BEGIN GIVEN RECORDS

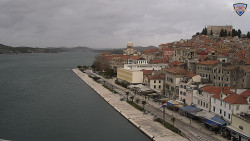 Nábřeží a město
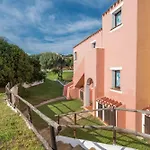 Charming Sea Villas-villa Sleeps 6in Shared Pool *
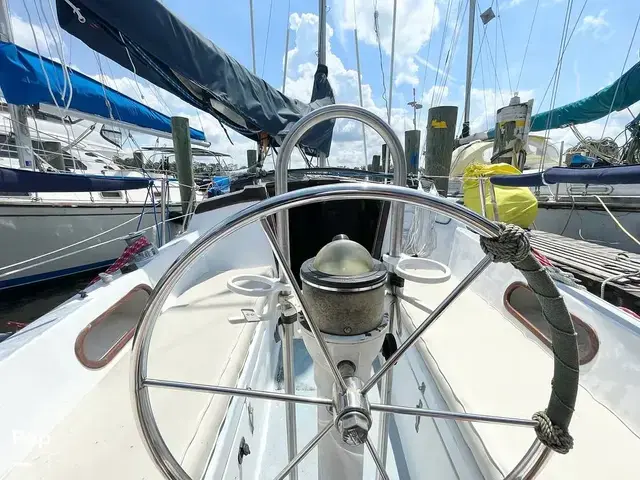 Catalina 27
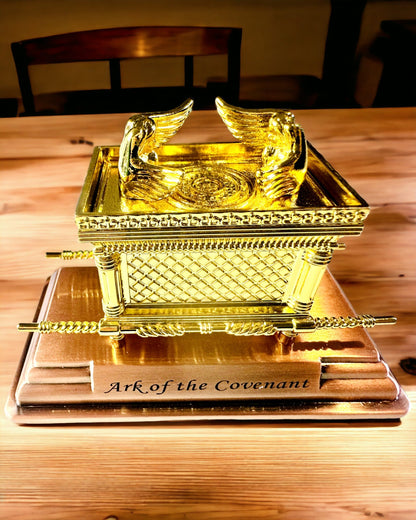 Réplique de l'Arche d'Alliance Dorée – Statue Décorative de l'Arche en Cuivre Taille XL 28x15.6x20 cm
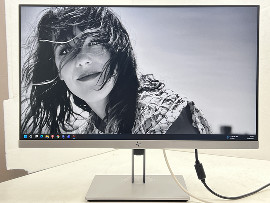 Монитор HP EliteDisplay E243d 24" (клас А)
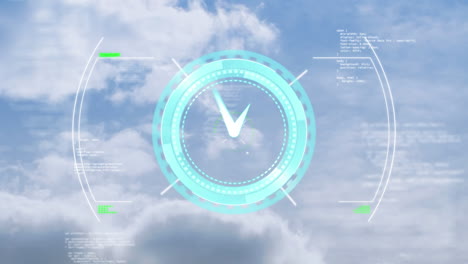 reloj moviéndose rápido con escaneo de alcance y procesamiento de datos en el fondo del cielo nublado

END GIVEN RECORDS

EXERCISE AIM
Excluding all pictures, print exactly and only the lines from the line with "Réplique de l'Arche" through the end of the records above, both ends included.

ANSWER AREA
 Réplique de l'Arche d'Alliance Dorée – Statue Décorative de l'Arche en Cuivre Taille XL 28x15.6x20 cm
 Монитор HP EliteDisplay E243d 24" (клас А)
 reloj moviéndose rápido con escaneo de alcance y procesamiento de datos en el fondo del cielo nublado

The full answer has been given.